● TO DO
Copy exactly, no pictures: every line from the one that contains "Продаётся 2-комн. вторичка" through the end of the entries below.

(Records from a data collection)

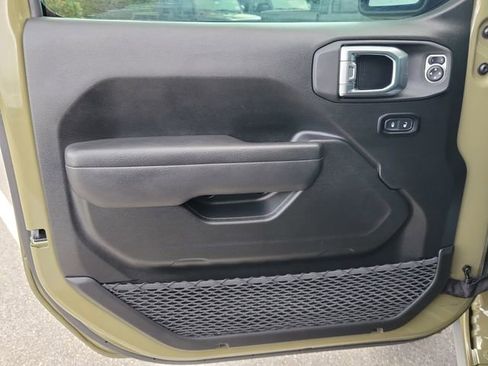 Used 2025 Jeep Wrangler Sport image 17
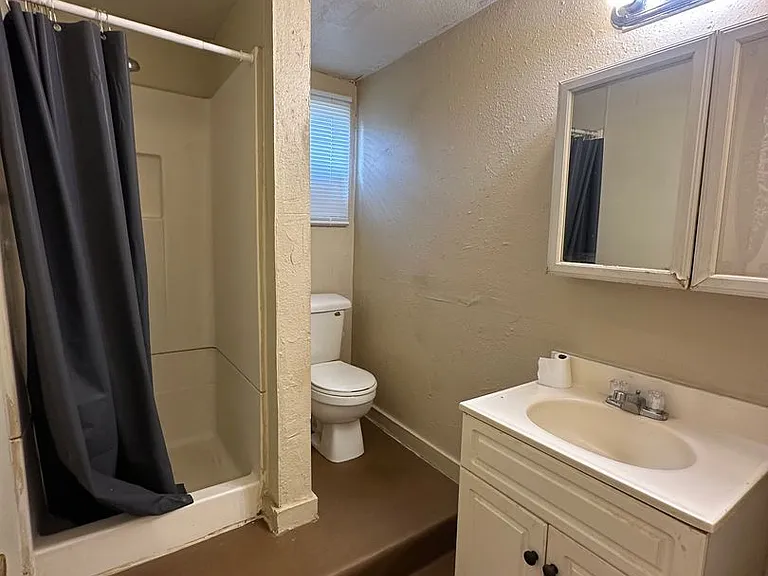 3916 Line Ave — Photo 10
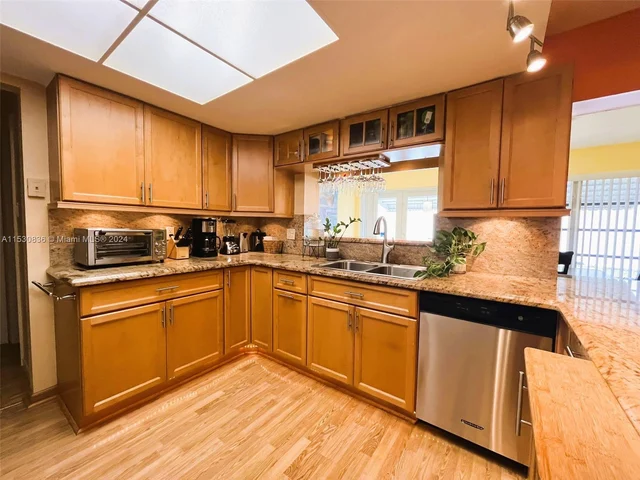 6955 NW 11th St, Margate FL 33063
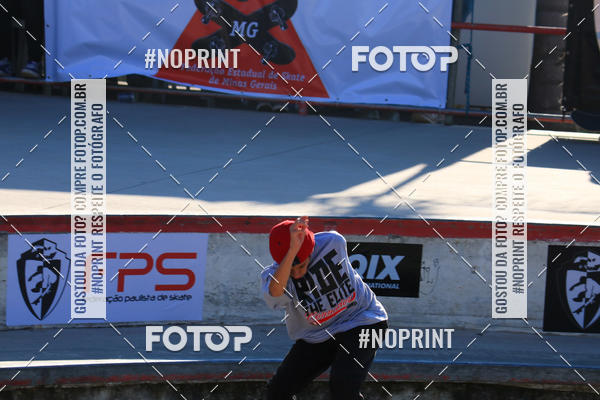 Buy your photos of the eventCampeonato Brasileiro de Skate Street Amador on Fotop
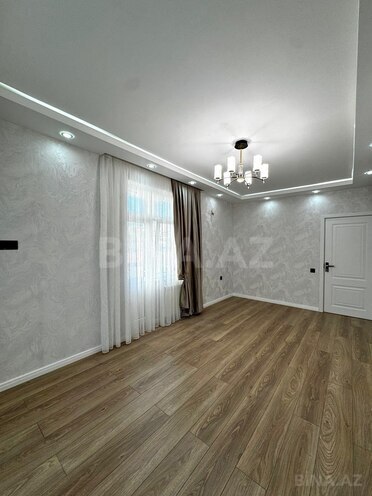 Продаётся 2-комн. вторичка 65 м², м. Ази Асланов, photo 1 from 11
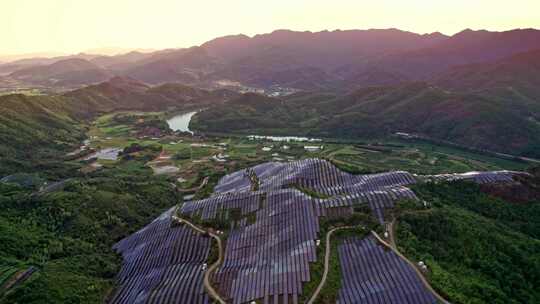 山顶太阳能 光伏基地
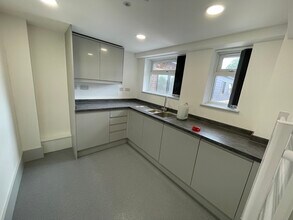 83-99 High St, Marlow à louer Photo intérieure- Image 2 de 3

● FINISHED TASK
 Продаётся 2-комн. вторичка 65 м², м. Ази Асланов, photo 1 from 11
 山顶太阳能 光伏基地
 83-99 High St, Marlow à louer Photo intérieure- Image 2 de 3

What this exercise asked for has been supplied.